Source data
◆ ◆ ◆ ◆ ◆ ◆ ◆

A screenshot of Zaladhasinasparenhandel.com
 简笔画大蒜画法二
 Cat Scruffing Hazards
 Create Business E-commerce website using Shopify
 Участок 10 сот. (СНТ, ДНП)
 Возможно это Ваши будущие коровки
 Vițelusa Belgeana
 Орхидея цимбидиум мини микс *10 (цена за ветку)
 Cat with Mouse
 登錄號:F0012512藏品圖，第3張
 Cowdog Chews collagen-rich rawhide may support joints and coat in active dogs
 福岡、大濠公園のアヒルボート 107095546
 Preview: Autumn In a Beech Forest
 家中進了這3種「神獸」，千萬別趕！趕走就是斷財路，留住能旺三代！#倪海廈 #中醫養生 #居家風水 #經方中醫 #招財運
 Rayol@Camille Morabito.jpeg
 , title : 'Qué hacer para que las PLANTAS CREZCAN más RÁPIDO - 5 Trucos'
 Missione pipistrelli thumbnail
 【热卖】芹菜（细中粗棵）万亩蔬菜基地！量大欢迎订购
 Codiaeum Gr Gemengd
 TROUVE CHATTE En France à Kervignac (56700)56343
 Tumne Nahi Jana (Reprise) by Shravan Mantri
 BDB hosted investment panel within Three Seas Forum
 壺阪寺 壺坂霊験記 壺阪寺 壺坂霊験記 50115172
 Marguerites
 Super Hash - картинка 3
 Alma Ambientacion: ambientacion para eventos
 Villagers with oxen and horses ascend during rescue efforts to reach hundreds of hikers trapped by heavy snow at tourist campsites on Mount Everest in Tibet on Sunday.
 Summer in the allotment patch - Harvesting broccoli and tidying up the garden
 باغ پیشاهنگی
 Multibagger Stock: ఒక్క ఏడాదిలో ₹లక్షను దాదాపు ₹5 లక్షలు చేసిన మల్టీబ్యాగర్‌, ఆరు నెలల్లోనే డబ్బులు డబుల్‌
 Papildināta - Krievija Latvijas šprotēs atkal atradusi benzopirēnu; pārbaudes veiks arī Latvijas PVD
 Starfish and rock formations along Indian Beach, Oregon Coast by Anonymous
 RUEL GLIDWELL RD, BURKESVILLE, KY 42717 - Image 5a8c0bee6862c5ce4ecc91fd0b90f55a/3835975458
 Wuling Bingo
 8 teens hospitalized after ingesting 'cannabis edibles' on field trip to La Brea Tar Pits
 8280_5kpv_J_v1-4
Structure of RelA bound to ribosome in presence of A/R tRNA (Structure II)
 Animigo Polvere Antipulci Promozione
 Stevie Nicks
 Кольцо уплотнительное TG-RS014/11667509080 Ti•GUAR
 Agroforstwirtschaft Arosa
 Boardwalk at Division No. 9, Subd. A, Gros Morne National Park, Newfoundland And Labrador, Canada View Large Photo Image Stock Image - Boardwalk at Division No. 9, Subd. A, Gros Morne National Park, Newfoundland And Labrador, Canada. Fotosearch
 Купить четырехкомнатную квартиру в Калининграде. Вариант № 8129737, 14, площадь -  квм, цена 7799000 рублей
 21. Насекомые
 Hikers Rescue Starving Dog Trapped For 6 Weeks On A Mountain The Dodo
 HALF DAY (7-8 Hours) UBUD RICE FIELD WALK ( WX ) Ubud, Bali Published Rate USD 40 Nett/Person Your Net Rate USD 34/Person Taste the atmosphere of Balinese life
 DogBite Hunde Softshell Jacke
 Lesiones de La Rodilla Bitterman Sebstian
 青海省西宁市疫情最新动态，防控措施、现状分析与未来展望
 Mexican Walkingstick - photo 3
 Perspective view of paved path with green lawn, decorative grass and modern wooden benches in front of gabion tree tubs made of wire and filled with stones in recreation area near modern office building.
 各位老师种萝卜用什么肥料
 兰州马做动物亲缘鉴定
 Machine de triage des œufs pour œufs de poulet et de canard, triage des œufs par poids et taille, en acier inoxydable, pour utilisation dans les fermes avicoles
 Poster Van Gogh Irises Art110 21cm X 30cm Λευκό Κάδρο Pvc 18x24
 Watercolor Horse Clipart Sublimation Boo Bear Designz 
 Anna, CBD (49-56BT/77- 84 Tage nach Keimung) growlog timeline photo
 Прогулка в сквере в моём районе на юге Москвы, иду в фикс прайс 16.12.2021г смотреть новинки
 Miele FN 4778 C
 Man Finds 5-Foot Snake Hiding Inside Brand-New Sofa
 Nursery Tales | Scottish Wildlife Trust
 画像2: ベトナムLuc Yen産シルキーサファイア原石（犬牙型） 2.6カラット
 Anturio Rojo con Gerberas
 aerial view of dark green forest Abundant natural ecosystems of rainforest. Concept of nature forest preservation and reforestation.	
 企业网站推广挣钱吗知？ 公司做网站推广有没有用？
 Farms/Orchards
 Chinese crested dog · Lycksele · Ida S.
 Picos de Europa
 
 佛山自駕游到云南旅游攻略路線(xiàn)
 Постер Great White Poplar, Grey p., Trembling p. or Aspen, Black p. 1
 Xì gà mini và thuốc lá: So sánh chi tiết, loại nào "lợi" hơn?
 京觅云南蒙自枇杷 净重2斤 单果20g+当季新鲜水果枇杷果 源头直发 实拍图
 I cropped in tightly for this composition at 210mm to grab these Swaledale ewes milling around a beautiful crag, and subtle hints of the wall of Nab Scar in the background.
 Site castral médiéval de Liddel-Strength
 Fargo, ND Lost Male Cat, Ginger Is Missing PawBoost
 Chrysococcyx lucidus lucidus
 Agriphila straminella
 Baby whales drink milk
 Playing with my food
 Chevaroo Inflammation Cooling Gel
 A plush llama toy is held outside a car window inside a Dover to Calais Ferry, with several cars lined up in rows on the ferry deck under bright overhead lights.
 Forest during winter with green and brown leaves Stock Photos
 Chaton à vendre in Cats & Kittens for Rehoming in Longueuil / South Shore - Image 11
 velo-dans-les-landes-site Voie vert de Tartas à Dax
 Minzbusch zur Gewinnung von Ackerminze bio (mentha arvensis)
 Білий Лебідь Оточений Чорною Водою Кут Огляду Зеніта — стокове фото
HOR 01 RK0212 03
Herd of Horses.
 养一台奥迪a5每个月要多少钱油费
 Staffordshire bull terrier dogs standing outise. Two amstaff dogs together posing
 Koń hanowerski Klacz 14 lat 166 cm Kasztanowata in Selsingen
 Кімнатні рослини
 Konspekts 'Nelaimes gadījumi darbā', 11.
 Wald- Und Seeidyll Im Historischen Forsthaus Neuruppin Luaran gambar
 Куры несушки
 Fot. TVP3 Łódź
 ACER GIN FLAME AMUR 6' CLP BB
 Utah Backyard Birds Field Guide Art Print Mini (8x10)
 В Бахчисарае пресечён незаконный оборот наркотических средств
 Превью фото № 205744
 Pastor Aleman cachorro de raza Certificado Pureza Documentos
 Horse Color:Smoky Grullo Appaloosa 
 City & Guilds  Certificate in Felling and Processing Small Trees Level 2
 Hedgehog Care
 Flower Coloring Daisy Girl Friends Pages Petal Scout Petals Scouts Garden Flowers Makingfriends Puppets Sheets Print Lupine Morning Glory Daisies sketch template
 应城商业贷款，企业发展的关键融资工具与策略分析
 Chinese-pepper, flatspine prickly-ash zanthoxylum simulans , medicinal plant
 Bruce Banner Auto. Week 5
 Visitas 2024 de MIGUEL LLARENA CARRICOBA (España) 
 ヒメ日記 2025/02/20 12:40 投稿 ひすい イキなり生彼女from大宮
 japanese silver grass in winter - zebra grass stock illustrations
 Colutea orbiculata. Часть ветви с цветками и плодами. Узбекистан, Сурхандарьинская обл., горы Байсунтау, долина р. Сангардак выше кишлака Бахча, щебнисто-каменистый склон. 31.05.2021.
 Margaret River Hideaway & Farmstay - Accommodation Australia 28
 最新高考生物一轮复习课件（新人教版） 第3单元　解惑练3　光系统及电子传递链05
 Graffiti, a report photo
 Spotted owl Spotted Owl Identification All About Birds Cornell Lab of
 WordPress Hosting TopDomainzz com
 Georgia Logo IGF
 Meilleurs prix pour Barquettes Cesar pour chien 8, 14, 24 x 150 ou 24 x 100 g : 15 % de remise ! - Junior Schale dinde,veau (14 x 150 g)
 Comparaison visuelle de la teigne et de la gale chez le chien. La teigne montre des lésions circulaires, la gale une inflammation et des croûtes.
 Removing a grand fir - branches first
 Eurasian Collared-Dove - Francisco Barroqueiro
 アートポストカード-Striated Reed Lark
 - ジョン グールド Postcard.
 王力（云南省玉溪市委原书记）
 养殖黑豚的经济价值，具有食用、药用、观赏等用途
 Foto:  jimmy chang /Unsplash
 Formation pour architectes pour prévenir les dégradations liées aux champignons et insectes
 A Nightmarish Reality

◆ ◆ ◆ ◆ ◆ ◆ ◆

**What the exercise asks:** Looking at the data above, write out exactly the lines that start at the one containing "Куры несушки" and end at the one containing "Horse Color:Smoky Grullo Appaloosa"; include both and nothing beyond.

**Reply to the task:**
 Куры несушки
 Fot. TVP3 Łódź
 ACER GIN FLAME AMUR 6' CLP BB
 Utah Backyard Birds Field Guide Art Print Mini (8x10)
 В Бахчисарае пресечён незаконный оборот наркотических средств
 Превью фото № 205744
 Pastor Aleman cachorro de raza Certificado Pureza Documentos
 Horse Color:Smoky Grullo Appaloosa 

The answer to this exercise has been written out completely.